> **REQUIRED ACTION**: Transcribe the data below verbatim from the line with "Conson Zelenskiyə sığınacaq təklif etdi" to the line with "Osłona 8E0825216C Plastik". Include both of those lines.

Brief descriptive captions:
○ ○ ○ ○ ○ ○ ○

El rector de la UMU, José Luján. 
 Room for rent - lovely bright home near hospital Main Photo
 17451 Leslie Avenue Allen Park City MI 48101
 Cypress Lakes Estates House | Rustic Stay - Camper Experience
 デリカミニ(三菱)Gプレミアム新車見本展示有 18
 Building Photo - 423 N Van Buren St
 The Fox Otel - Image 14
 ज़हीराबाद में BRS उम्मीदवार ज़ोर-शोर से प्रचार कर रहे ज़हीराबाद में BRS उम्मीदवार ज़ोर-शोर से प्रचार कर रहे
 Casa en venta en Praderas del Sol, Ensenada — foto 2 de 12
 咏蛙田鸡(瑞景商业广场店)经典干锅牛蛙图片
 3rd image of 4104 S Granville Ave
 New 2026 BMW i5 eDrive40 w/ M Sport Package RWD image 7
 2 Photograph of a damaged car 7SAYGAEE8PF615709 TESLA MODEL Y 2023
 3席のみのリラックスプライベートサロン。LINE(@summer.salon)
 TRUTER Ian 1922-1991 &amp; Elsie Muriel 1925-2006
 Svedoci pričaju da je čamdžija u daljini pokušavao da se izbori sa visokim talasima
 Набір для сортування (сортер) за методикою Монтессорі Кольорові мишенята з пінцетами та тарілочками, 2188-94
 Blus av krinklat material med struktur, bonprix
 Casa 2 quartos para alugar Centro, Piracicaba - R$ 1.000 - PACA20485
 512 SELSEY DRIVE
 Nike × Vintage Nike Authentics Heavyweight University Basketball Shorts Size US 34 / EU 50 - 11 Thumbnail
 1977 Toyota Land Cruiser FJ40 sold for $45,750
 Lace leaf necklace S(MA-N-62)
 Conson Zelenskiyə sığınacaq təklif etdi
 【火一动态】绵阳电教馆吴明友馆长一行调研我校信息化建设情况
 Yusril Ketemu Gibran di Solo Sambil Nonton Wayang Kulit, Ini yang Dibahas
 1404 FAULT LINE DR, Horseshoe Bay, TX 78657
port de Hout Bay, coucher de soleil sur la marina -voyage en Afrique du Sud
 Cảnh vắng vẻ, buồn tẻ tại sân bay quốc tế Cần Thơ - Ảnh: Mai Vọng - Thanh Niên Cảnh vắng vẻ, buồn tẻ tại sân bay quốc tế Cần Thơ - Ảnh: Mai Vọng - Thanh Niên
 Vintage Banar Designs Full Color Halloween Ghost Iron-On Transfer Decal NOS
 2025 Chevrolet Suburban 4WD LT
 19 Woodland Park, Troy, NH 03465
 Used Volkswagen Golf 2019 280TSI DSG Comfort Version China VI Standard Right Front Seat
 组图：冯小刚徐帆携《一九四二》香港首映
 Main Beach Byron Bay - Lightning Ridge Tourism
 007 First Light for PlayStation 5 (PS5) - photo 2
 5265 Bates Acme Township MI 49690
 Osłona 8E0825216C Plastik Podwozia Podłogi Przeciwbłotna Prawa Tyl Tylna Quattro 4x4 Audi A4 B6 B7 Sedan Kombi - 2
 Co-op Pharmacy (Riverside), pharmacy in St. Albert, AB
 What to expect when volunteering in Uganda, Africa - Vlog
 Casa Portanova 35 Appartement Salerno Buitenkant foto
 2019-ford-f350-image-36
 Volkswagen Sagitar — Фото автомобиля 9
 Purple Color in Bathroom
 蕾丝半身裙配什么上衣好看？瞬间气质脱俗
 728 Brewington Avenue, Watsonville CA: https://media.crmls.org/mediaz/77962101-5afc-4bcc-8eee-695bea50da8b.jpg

○ ○ ○ ○ ○ ○ ○

> **TASK RESPONSE**:
 Conson Zelenskiyə sığınacaq təklif etdi
 【火一动态】绵阳电教馆吴明友馆长一行调研我校信息化建设情况
 Yusril Ketemu Gibran di Solo Sambil Nonton Wayang Kulit, Ini yang Dibahas
 1404 FAULT LINE DR, Horseshoe Bay, TX 78657
port de Hout Bay, coucher de soleil sur la marina -voyage en Afrique du Sud
 Cảnh vắng vẻ, buồn tẻ tại sân bay quốc tế Cần Thơ - Ảnh: Mai Vọng - Thanh Niên Cảnh vắng vẻ, buồn tẻ tại sân bay quốc tế Cần Thơ - Ảnh: Mai Vọng - Thanh Niên
 Vintage Banar Designs Full Color Halloween Ghost Iron-On Transfer Decal NOS
 2025 Chevrolet Suburban 4WD LT
 19 Woodland Park, Troy, NH 03465
 Used Volkswagen Golf 2019 280TSI DSG Comfort Version China VI Standard Right Front Seat
 组图：冯小刚徐帆携《一九四二》香港首映
 Main Beach Byron Bay - Lightning Ridge Tourism
 007 First Light for PlayStation 5 (PS5) - photo 2
 5265 Bates Acme Township MI 49690
 Osłona 8E0825216C Plastik Podwozia Podłogi Przeciwbłotna Prawa Tyl Tylna Quattro 4x4 Audi A4 B6 B7 Sedan Kombi - 2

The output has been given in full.